Websites for self-publishing authors can be divided into two camps.
1) Those offering authors services
They write posts to get you to buy their book formatting, book conversion, book covers, author websites, book marketing, etc.
2) Blogs run by indie authors themselves
These are full of tips and tricks and useful content. They teach you how to do things, inspire you towards greater confidence and success.
But which one is more useful for self-publishing authors?
I used to think author website services were a scam or a rip-off.
Instead of buying all the services one by one, they charge authors inflated rates for a big package.
As an indie author and service provider, I used to feel saving money and doing things more efficiently (taking control, so that you could learn about book publishing and make smart choices) was the only way to go.
But it’s still expensive, and slow, and you’re doing rounds of revision with all the providers. You’ll need (at least) some good copy-editing, which usually costs around .02 per word (so a 50K novel is $1000).
You’ll need book formatting and ebook conversion (at least $500) and a good cover (another $500).
You can do these yourself, or find someone cheaper, but you really need to give your book its best chance, and there are a lot of providers who will take your money and make you an ugly book.
There’s also a VERY good chance that, the more control you have, the less professional your book will look (because you’ll make design choices based on gut and emotion, rather than market knowledge and experience in design).
So I’m not sure if the old quote, “Give a man to fish vs. Teach a man to fish” really applies to self-publishing.
Doing it all yourself, even if you learn valuable skills and save thousands of dollars, will probably not bring you the success you’re hoping for.
Do you love spending money?
I learned something else this year, as my income rapidly exploded (from about 20K to 100K per year).
I used to work very little so I could focus on my writing. So I didn’t have money to throw around. I learned to do everything myself (which is how I became a book designer!) But now that I make more money, spending time doing things when I could be working feels like a waste.
Learning the tools to publish your book could easily take you 100 hours. If I make $50 an hour, why not spend $5000 and have some one else do everything for you? The advantage of working with one company, even if they are overcharging, is that I can pay one big fee, have one person to contact, and get everything done for me.
If you already have money, or if you want the book out quickly and well, I can understand the appeal of one of those “we publish your book for you” presses. They’ll help you distribute your book, give you some free copies, and if you pay for an upgrade, make your Twitter or Facebook background, even hire an editor.
It’s easy. You pay and give them the book and then go watch TV. It’s stress free. It’s even sounding pretty good to me right now.
What I don’t like, however, is that very few of these sites show you many samples in their portfolio.

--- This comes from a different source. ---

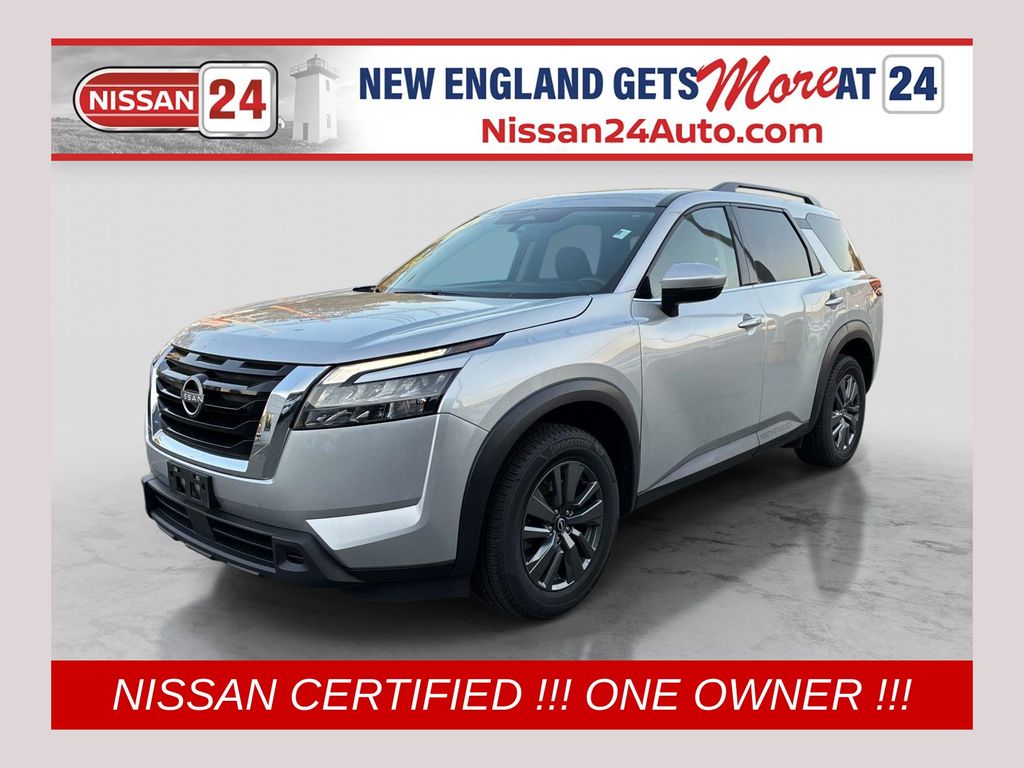  2024 Nissan Pathfinder SV 4WD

Even the big boys like Lulu, Amazon or Self-publishing.com give you a small handful of samples for book covers and interior formatting. Maybe they have six example covers. Maybe those six are really good. But they’ve helped thousands of authors, what about all the others?
The book cover is the “face” of your book. Nothing else that you pay for will be as important as the book cover. These companies hire out designers, which probably means the designer is getting less of the overall package price. They usually give 2 options to choose from. It might look fine. Personally I wouldn’t risk it.
So you might go the true indie route and do everything piecemeal, by yourself.
Unfortunately, (I’ve been noticing), a lot of the big self-publishing blogs that were so cool a couple years ago, now mostly publish guest posts by other authors, marketers or service providers. So everything you hear is aimed to make you click over and buy something. Yuck.
They all support you. And they all want money from you
Things are getting faster, more automated. There are so many providers offering pretty good packages that it won’t take long to finish your self-published book. Get as much advice as you can, but don’t trust everything they say.
The most important things, like building online relationships, writing articles for your blog and guest posts, you’re going to need to do.
Pay for what matters, and try to do everything else yourself.
(Things you should pay for and not try to find cheap alternatives: an amazing editor, an amazing book cover, a pretty darn good book formatter and ebook conversionista, and – once you have all this in place – smart, targeted advertising).